*** DATA FOR THE TASK Section Begins ***
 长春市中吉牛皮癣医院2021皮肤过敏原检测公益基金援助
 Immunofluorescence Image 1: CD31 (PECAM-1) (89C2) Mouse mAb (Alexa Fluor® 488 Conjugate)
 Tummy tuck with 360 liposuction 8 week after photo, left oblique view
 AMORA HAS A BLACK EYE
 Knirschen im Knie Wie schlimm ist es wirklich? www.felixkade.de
*** DATA FOR THE TASK Section Ends ***
*** DATA FOR THE TASK Section Begins ***
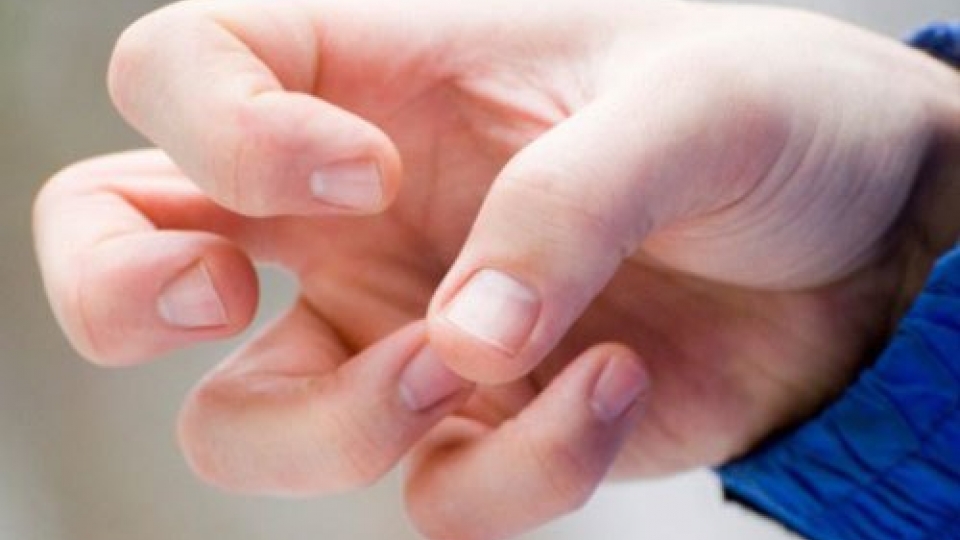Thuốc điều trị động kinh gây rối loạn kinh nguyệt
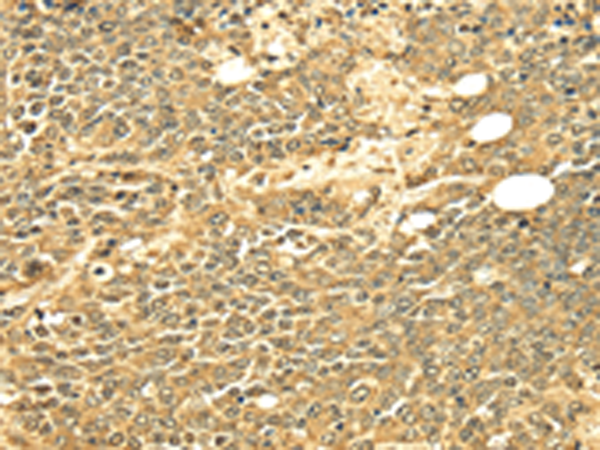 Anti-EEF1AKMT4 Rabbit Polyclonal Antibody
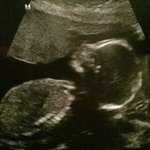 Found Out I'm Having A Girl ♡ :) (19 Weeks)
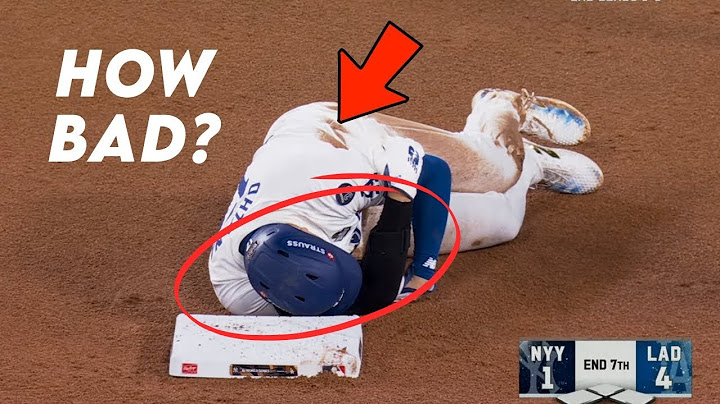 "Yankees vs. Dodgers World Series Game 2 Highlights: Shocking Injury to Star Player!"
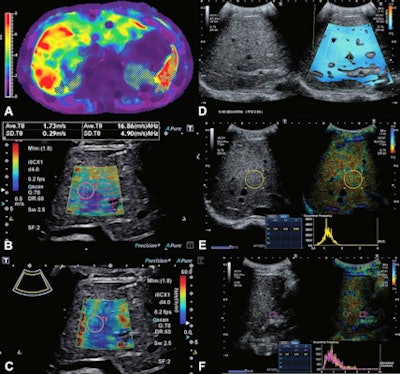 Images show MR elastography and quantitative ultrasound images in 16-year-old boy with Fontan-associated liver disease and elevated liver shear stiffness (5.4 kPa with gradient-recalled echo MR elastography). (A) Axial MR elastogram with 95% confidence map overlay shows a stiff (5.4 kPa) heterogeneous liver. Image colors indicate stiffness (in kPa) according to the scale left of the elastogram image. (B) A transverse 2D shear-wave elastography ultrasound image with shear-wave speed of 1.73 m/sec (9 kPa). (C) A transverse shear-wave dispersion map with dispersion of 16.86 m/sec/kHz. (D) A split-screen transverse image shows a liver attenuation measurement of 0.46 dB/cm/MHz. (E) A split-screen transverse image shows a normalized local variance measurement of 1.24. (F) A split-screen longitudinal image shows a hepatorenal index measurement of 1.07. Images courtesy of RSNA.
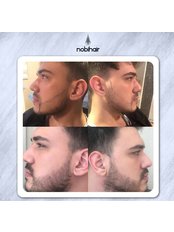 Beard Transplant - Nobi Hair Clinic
*** DATA FOR THE TASK Section Ends ***
INSTRUCTIONS FOR THE TASK: Retype word for word everything in the listing above from the line that holds "长春市中吉牛皮癣医院2021皮肤过敏原检测公益基金援助" down to the line that holds "Knirschen im Knie". Keep both end lines and leave out the rest.

RESULT:
 长春市中吉牛皮癣医院2021皮肤过敏原检测公益基金援助
 Immunofluorescence Image 1: CD31 (PECAM-1) (89C2) Mouse mAb (Alexa Fluor® 488 Conjugate)
 Tummy tuck with 360 liposuction 8 week after photo, left oblique view
 AMORA HAS A BLACK EYE
 Knirschen im Knie Wie schlimm ist es wirklich? www.felixkade.de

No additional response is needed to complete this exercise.